Most of us have heard the term domino effect, but what does this mean in the context of mental health?


A current example of a domino effect is what people are going through during the pandemic. For people without a preexisting mental health condition, the domino effect of the pandemic has been something like this (not necessarily in this order): fear of the pandemic, quarantine, isolation, loss of job or income, worry about loved ones, coping with death of loved ones, fears of the future, fears of losing a place to live, anxiety, depression, relationship problems, even contemplation of suicide or violence. The pandemic was the first domino to fall, and it was so large, so terrifying, possessing the capacity to devastate people in so many ways. The aforementioned series of events has been so overwhelming and not like many things that we have experienced before in our lifetimes.


If the dominoes crashed in "normal" people with no preexisting mental illness, you can imagine that for those of us who have suffered with panic attacks, clinical depression, generalized anxiety, and those who were already living in poverty and barely able to put food on the table, the devastation has been like an earthquake on the highest end of the Richter scale. People who were already struggling to cope with everyday life because of their mental illness or poverty or substance abuse issues are now sinking deeper under water, and it is a terrible thing. Heartbreaking, in fact.
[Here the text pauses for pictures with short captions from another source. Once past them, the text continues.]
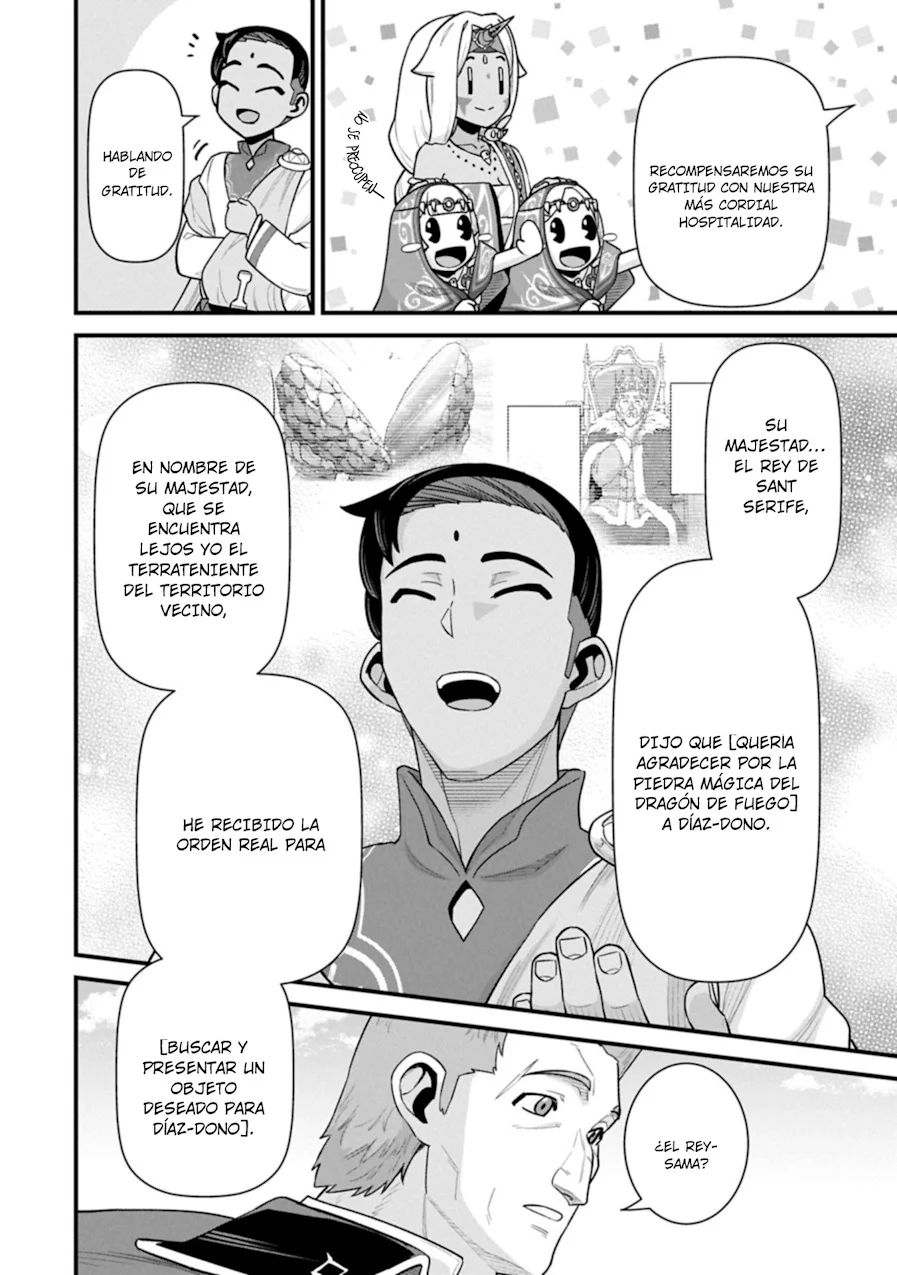 Ryoumin 0-nin Start no Henkyou Ryoushu-sama Capítulo 66 - Page 21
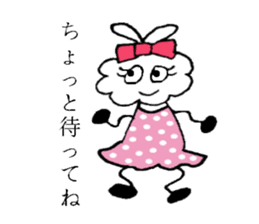 Brother Fuwappe and his sister sticker #2844539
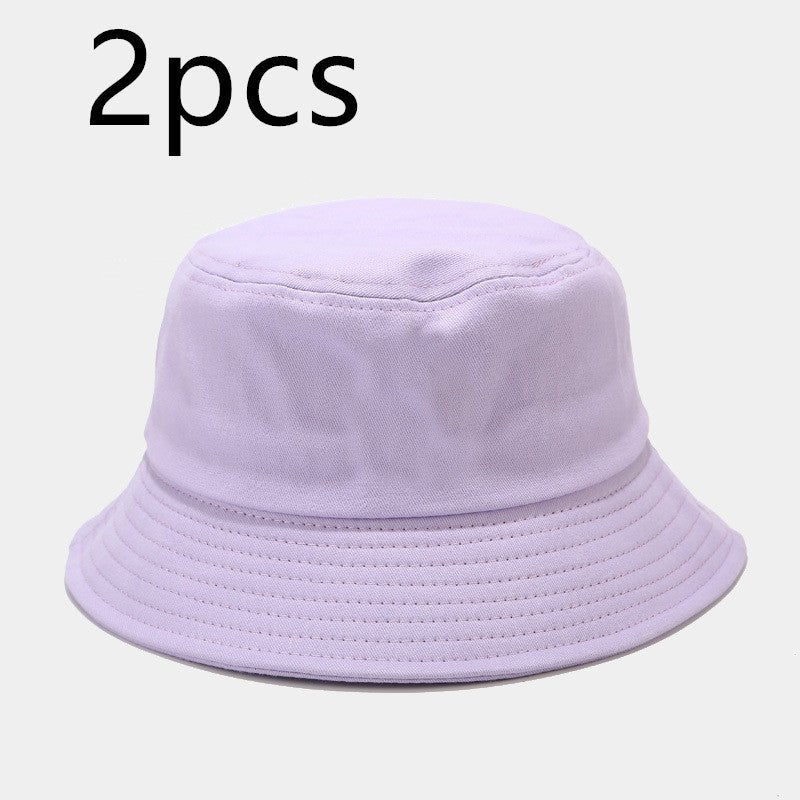 Macaron Satin Board Fisherman Hat Bowler Hat - Urban Caps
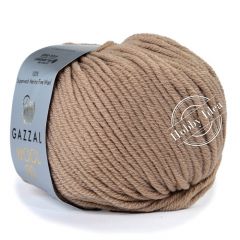 Gazzal Wool 90 3660 Кофе с молоком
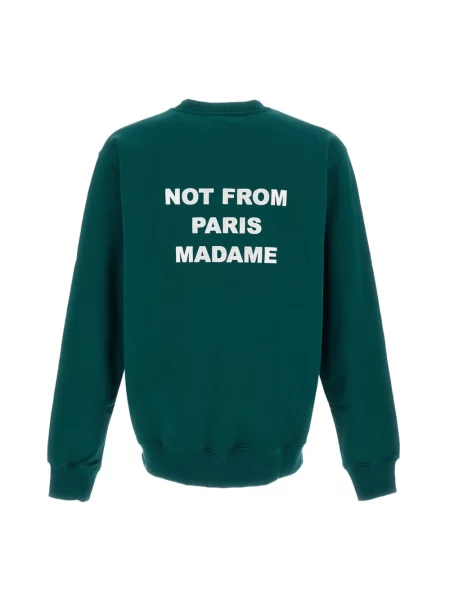 Bluza Drole De Monsieur zielona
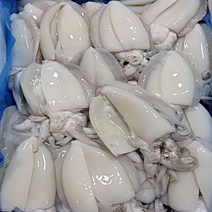 녹동수산 국내산 급냉 손질갑오징어1kg(4~6미), 단품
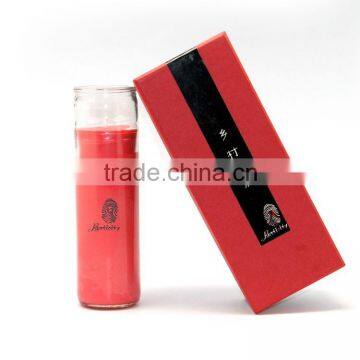 Home Decoration Top Value Candle With Clear Glass Jar photo-3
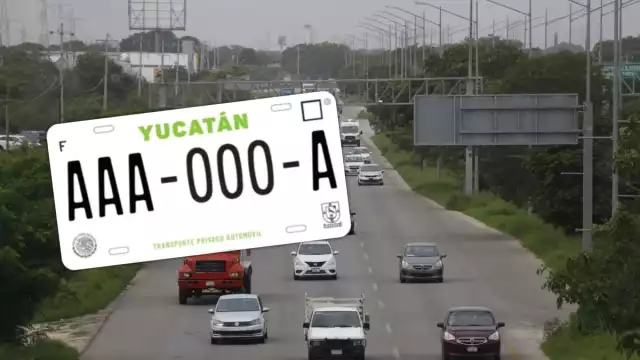 Aprovecha descuentos de hasta 100% antes del reemplacamiento 2025 en Yucatán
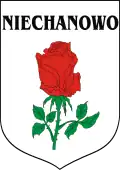 Blason de Gmina Niechanowo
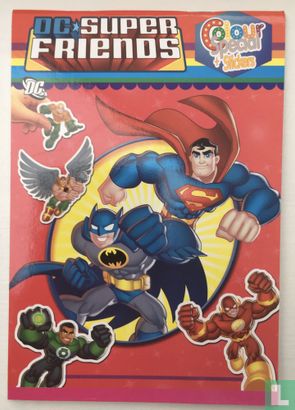 DC Super Friends kleurboek - Image 1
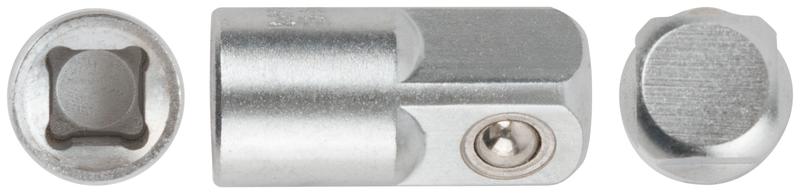 Переходник для воротка CrV профи 3/8дюйм (П)-1/4дюйм (М) FIT 62646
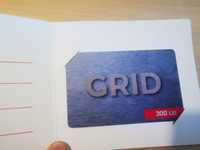 Vand card cadou GRID
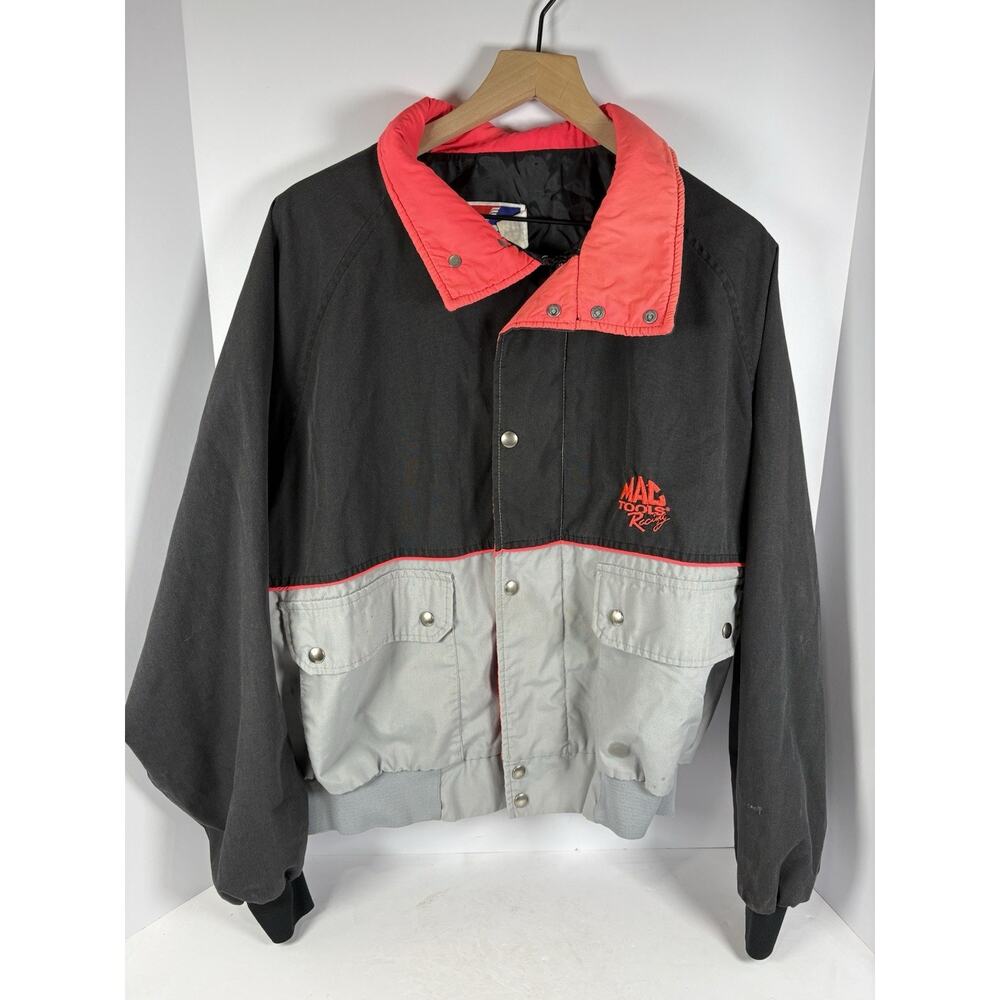 Vintage Swingster Mac Tools Embroidered Jacket XL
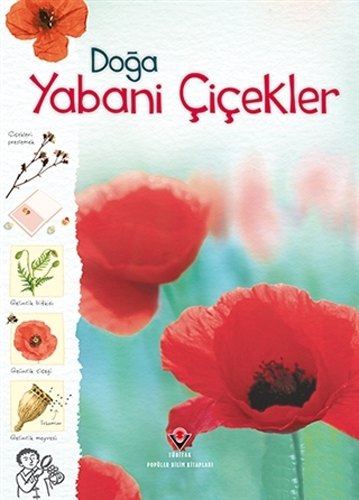 Doğa - Yabani Çiçekler (Ciltli)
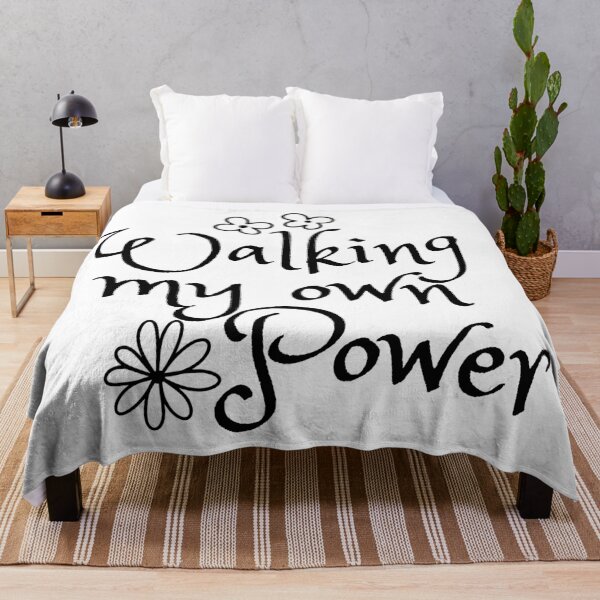 Item preview, Walking my own power designed and sold by Nikki Krishna.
So what do we do if we ourselves are suffering greatly from the domino effects of this pandemic or know that someone we love, know, or care about who was already mentally ill is becoming more unstable, more fragile? Especially when we ourselves may also be feeling overwhelmed? First, do not pretend or try to hide your suffering by putting up a facade. Reach out to talk or text or chat with those in your support system, and help someone else who is sinking to do so and assist them with getting help. It is also good to acknowledge that it is human to have a range of feelings during this time -- anger, sadness, helplessness, anxiety, etc. Reach out for help. Contact a doctor or mental health provider. If you already have a mental health provider, let them know with great honesty how you have been feeling. We are all in this together and can help each other.


If you are feeling extremely depressed or having suicidal thoughts, please contact the National Suicide Hotline, which is available 24 hours a day, 7 days a week: 1-800-273-8255. There are counselors available to talk with you at any time if you feel overwhelmed. You can also go to your nearest emergency room. There is no reason to feel embarrassed or weak to ask for help!!